Department of Sociology, FLAME University, Pune, Maharashtra, India.
Department of Computer Science, FLAME University, Pune, Maharashtra, India.
Front Public Health. 2022 Sep 30;10:966490. doi: 10.3389/fpubh.2022.966490. eCollection 2022.

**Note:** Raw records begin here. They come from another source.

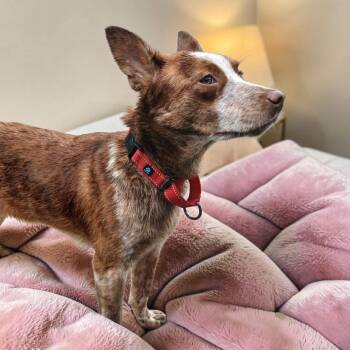 Rosie -  Australian Cattle Dog Blue Heeler Dog for Adoption in Lexington, Kentucky - Rosie | PetCurious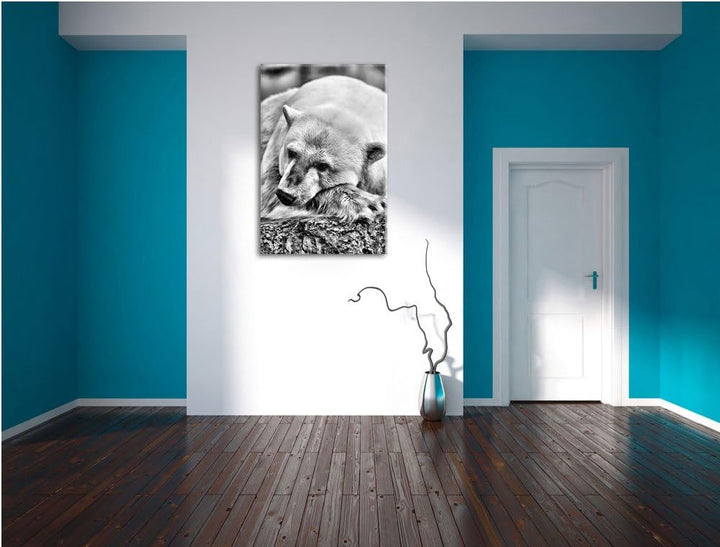 Pixxprint schlafender Eisbär / 100x70cm Leinwandbild bespannt auf Holzrahmen/Wandbild Kunstdruck Dek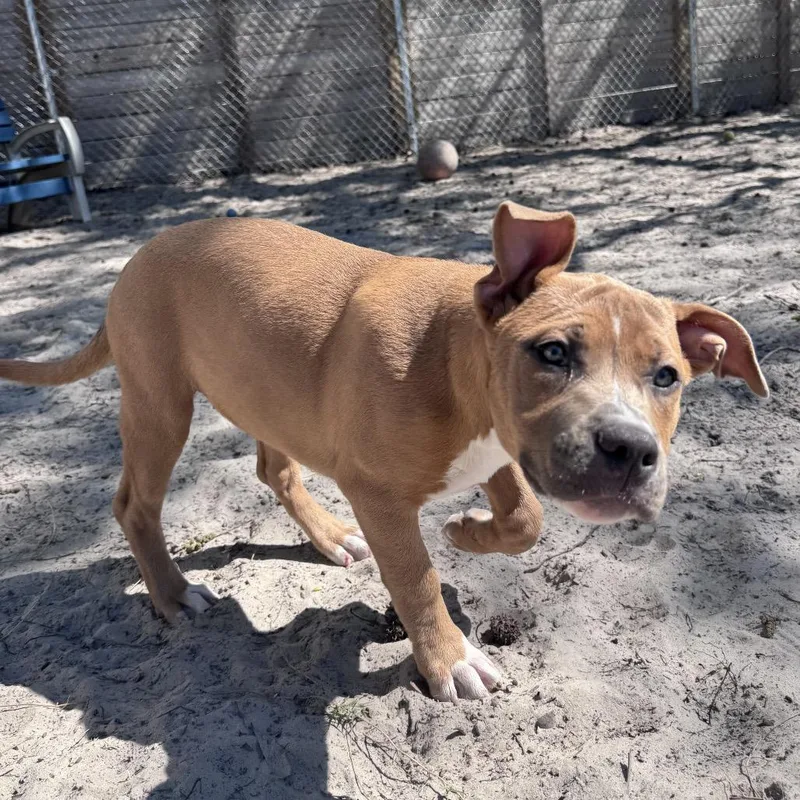 Frappuccino thumbnail 3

Globally, a gender gap in COVID-19 has been noted with men reporting higher share of both morbidity and deaths compared to women. While the gender gap in fatalities has been similar across the globe, there have been interesting disparities in the detection of COVID-19 cases in men and women. While wealthier, more developed nations have generally seen similar case detection in men and women, LMICs especially in Asia have seen far greater proportion of COVID-19 cases among men than women. We utilize age and sex-disaggregated data from the southern Indian state of Tamil Nadu across two waves of the pandemic (May 2020 - Nov 2020, and March 2021, to June 2021) and find that there were only ~70% as many detected COVID-19 cases among women as there were among men. Our initial reading suggested that this might be a protective effect of lower labor force participation rates among women across much of South Asia. However, subsequent sero-prevalence results from Tamil Nadu conducted on October-November 2020, and June-July, 2021 suggest that infection incidence has been similar among men and women; as is the case in countries with better health infrastructure. This empirical puzzle suggests that reduced case detection among women cannot be immediately associated with limited public exposure, but rather evidence of a chronic neglect of women in healthcare access. Overall, we contend that an attention to the gender context holds promise to effective interventions in detection and prevention that goes beyond the traditional epidemiological logic of diseases.
全球范围内,新冠疫情出现了性别差异,男性的发病率和死亡率均高于女性。尽管全球范围内的死亡率性别差异相似,但男性和女性的新冠病例检出率存在有趣的差异。在富裕、发达程度较高的国家,男性和女性的病例检出率大致相同,但在亚洲的中低收入国家,男性的新冠病例比例远远高于女性。我们利用印度南部泰米尔纳德邦在两次疫情浪潮(2020 年 5 月至 11 月和 2021 年 3 月至 6 月)中按年龄和性别细分的数据,发现女性的新冠病例检出率仅为男性的 70%左右。我们最初的解读是,这可能是南亚大部分地区女性劳动力参与率较低带来的保护效应。然而,随后于 2020 年 10 月至 11 月和 2021 年 6 月至 7 月在泰米尔纳德邦进行的血清阳性率结果表明,男性和女性的感染发生率相似;在拥有更好卫生基础设施的国家也是如此。这一经验性的困惑表明,女性病例检出率较低不能立即归因于公众接触有限,而是表明在获得医疗保健方面长期忽视了女性。总的来说,我们认为关注性别背景有望对检测和预防产生有效的干预措施,这超越了疾病的传统流行病学逻辑。